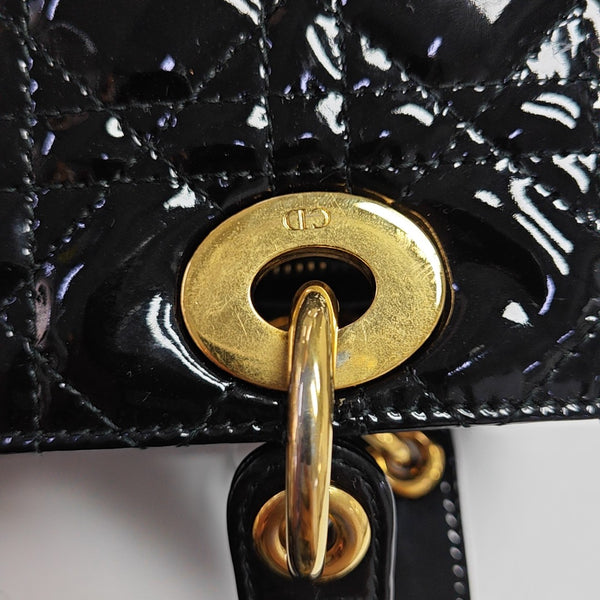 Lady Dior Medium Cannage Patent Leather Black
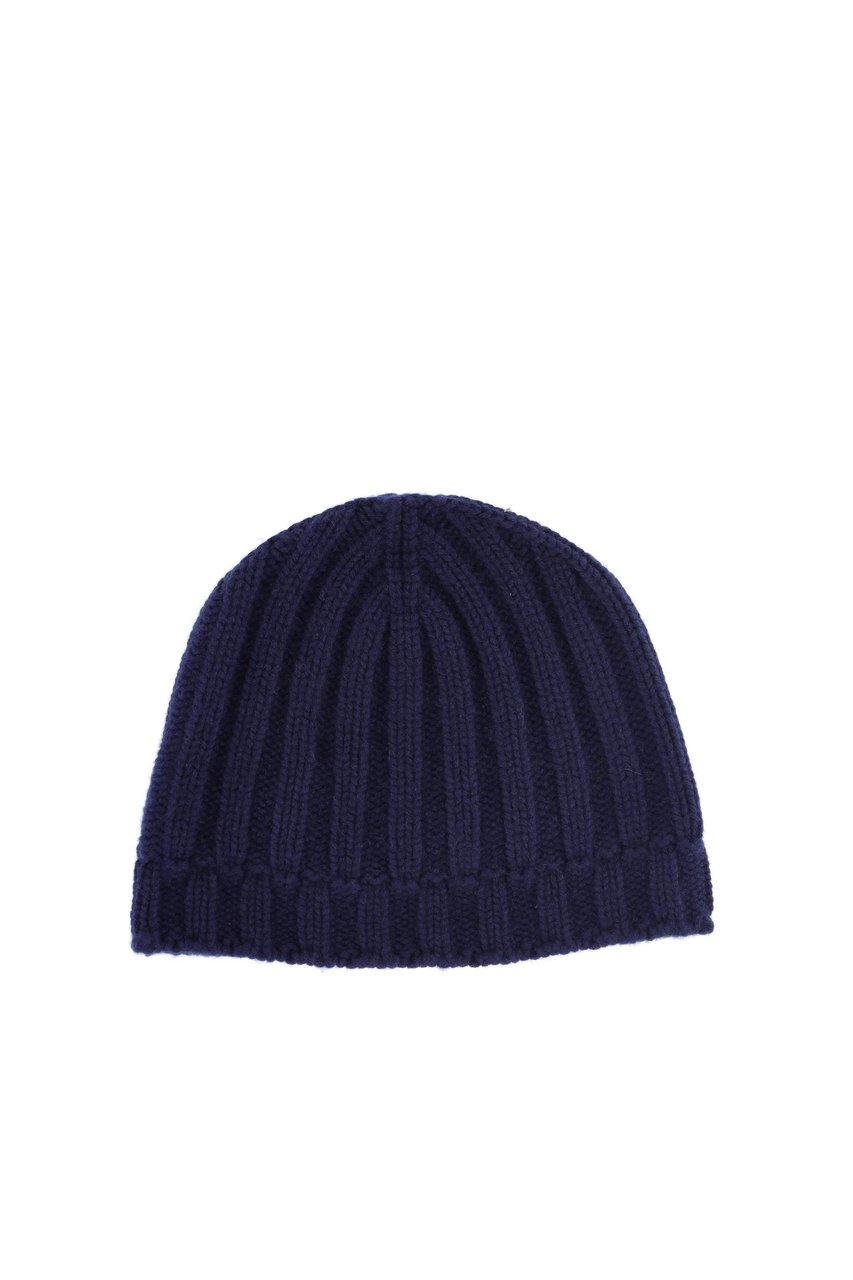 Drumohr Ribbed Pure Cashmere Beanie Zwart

--

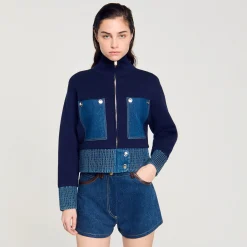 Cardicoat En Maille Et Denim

--

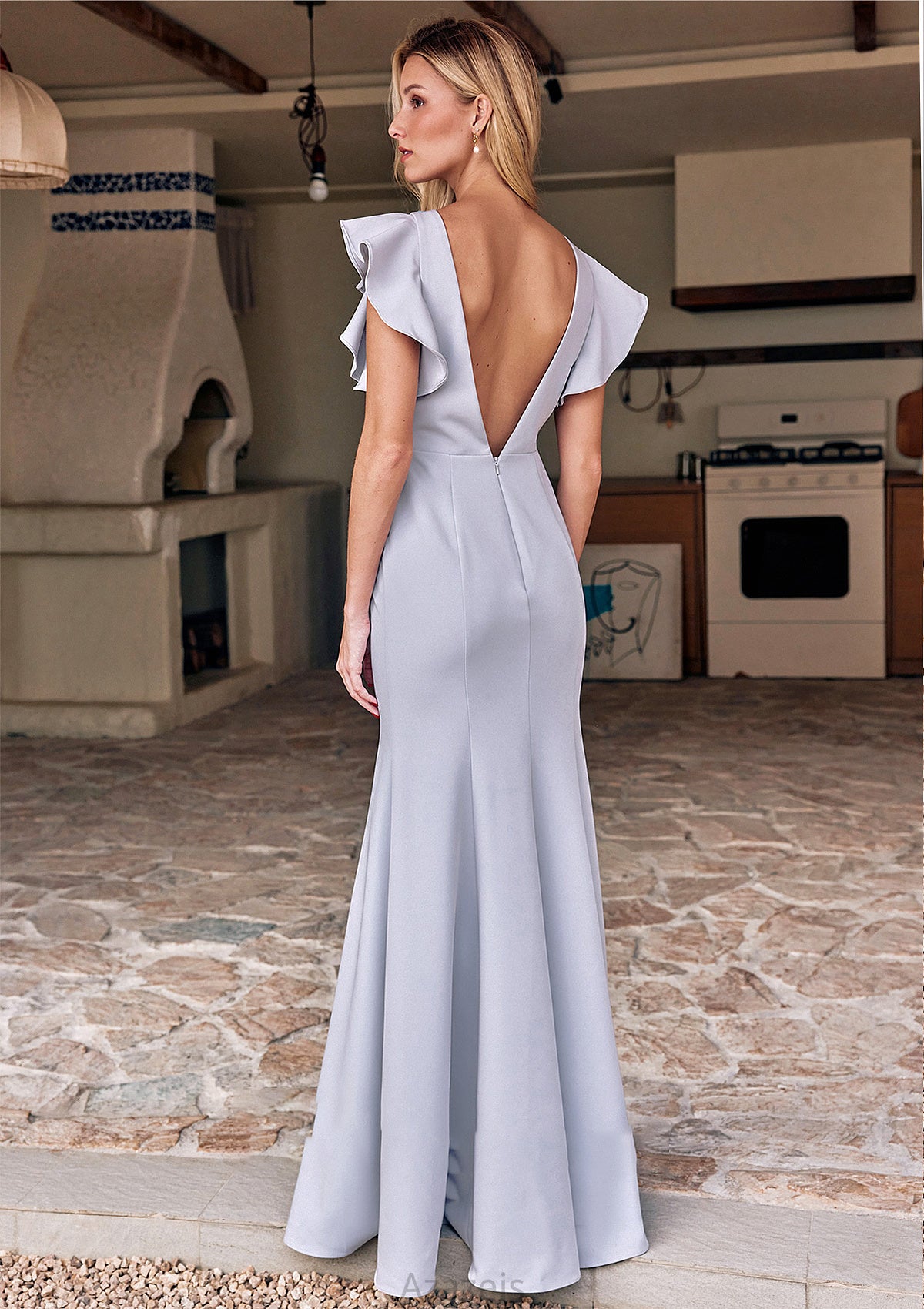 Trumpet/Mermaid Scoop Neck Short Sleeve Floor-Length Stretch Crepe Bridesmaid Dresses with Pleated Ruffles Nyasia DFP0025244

Your instructions — From the listing above, repeat only the lines between the line containing "Lady Dior Medium" and the line containing "Drumohr Ribbed Pure Cashmere Beanie Zwart", those two included. Pictures are not part of the copy.

Task answer —
 Lady Dior Medium Cannage Patent Leather Black
 Drumohr Ribbed Pure Cashmere Beanie Zwart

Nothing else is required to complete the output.